MATERIALS PROVIDED START

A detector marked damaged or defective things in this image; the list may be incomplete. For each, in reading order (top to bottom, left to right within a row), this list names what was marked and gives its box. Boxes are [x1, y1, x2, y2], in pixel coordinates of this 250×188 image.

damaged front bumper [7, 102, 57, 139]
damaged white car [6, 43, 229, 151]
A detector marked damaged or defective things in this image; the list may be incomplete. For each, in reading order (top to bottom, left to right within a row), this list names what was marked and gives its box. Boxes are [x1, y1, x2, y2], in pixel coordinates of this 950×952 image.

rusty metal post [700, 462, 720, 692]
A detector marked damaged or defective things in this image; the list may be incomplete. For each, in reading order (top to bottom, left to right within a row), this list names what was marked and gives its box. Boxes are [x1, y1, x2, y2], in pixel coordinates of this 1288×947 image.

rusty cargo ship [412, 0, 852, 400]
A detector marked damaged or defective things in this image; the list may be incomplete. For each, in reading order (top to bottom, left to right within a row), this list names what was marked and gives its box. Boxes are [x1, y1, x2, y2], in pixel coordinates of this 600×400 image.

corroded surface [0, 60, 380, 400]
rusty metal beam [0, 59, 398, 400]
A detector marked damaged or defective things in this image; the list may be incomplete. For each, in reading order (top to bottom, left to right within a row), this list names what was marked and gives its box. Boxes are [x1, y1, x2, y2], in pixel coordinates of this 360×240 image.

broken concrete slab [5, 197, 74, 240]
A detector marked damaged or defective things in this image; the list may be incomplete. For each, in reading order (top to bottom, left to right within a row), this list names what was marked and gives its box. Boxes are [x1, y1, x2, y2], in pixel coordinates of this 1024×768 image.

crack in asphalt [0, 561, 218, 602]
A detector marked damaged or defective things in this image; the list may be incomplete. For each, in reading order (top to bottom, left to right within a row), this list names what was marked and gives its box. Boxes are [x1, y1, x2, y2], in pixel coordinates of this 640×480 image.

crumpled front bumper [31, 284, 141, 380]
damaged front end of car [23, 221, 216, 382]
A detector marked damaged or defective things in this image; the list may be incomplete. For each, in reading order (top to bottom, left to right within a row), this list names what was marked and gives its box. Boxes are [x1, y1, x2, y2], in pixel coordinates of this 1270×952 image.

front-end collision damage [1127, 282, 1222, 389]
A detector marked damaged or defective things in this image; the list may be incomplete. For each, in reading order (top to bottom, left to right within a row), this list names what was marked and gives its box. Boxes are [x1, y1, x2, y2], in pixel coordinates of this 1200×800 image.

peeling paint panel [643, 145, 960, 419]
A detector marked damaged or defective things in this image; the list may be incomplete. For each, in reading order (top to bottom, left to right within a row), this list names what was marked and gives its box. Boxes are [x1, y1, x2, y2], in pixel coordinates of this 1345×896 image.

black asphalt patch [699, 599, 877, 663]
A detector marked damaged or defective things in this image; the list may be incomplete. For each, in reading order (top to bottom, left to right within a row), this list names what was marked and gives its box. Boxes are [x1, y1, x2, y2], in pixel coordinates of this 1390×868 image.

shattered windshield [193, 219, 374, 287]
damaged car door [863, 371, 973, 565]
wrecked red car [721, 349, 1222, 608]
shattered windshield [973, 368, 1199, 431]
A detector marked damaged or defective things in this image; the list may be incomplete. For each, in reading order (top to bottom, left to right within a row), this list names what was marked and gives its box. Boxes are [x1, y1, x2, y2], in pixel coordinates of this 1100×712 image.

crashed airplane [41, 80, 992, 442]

MATERIALS PROVIDED END

▶ [DIRECTIONS]: Retype every record exactly, omitting nothing.

▶ [OUTPUT]:
A detector marked damaged or defective things in this image; the list may be incomplete. For each, in reading order (top to bottom, left to right within a row), this list names what was marked and gives its box. Boxes are [x1, y1, x2, y2], in pixel coordinates of this 250×188 image.

damaged front bumper [7, 102, 57, 139]
damaged white car [6, 43, 229, 151]
A detector marked damaged or defective things in this image; the list may be incomplete. For each, in reading order (top to bottom, left to right within a row), this list names what was marked and gives its box. Boxes are [x1, y1, x2, y2], in pixel coordinates of this 950×952 image.

rusty metal post [700, 462, 720, 692]
A detector marked damaged or defective things in this image; the list may be incomplete. For each, in reading order (top to bottom, left to right within a row), this list names what was marked and gives its box. Boxes are [x1, y1, x2, y2], in pixel coordinates of this 1288×947 image.

rusty cargo ship [412, 0, 852, 400]
A detector marked damaged or defective things in this image; the list may be incomplete. For each, in reading order (top to bottom, left to right within a row), this list names what was marked and gives its box. Boxes are [x1, y1, x2, y2], in pixel coordinates of this 600×400 image.

corroded surface [0, 60, 380, 400]
rusty metal beam [0, 59, 398, 400]
A detector marked damaged or defective things in this image; the list may be incomplete. For each, in reading order (top to bottom, left to right within a row), this list names what was marked and gives its box. Boxes are [x1, y1, x2, y2], in pixel coordinates of this 360×240 image.

broken concrete slab [5, 197, 74, 240]
A detector marked damaged or defective things in this image; the list may be incomplete. For each, in reading order (top to bottom, left to right within a row), this list names what was marked and gives its box. Boxes are [x1, y1, x2, y2], in pixel coordinates of this 1024×768 image.

crack in asphalt [0, 561, 218, 602]
A detector marked damaged or defective things in this image; the list may be incomplete. For each, in reading order (top to bottom, left to right within a row), this list names what was marked and gives its box. Boxes are [x1, y1, x2, y2], in pixel coordinates of this 640×480 image.

crumpled front bumper [31, 284, 141, 380]
damaged front end of car [23, 221, 216, 382]
A detector marked damaged or defective things in this image; the list may be incomplete. For each, in reading order (top to bottom, left to right within a row), this list names what was marked and gives its box. Boxes are [x1, y1, x2, y2], in pixel coordinates of this 1270×952 image.

front-end collision damage [1127, 282, 1222, 389]
A detector marked damaged or defective things in this image; the list may be incomplete. For each, in reading order (top to bottom, left to right within a row), this list names what was marked and gives its box. Boxes are [x1, y1, x2, y2], in pixel coordinates of this 1200×800 image.

peeling paint panel [643, 145, 960, 419]
A detector marked damaged or defective things in this image; the list may be incomplete. For each, in reading order (top to bottom, left to right within a row), this list names what was marked and gives its box. Boxes are [x1, y1, x2, y2], in pixel coordinates of this 1345×896 image.

black asphalt patch [699, 599, 877, 663]
A detector marked damaged or defective things in this image; the list may be incomplete. For each, in reading order (top to bottom, left to right within a row), this list names what was marked and gives its box. Boxes are [x1, y1, x2, y2], in pixel coordinates of this 1390×868 image.

shattered windshield [193, 219, 374, 287]
damaged car door [863, 371, 973, 565]
wrecked red car [721, 349, 1222, 608]
shattered windshield [973, 368, 1199, 431]
A detector marked damaged or defective things in this image; the list may be incomplete. For each, in reading order (top to bottom, left to right within a row), this list names what was marked and gives its box. Boxes are [x1, y1, x2, y2], in pixel coordinates of this 1100×712 image.

crashed airplane [41, 80, 992, 442]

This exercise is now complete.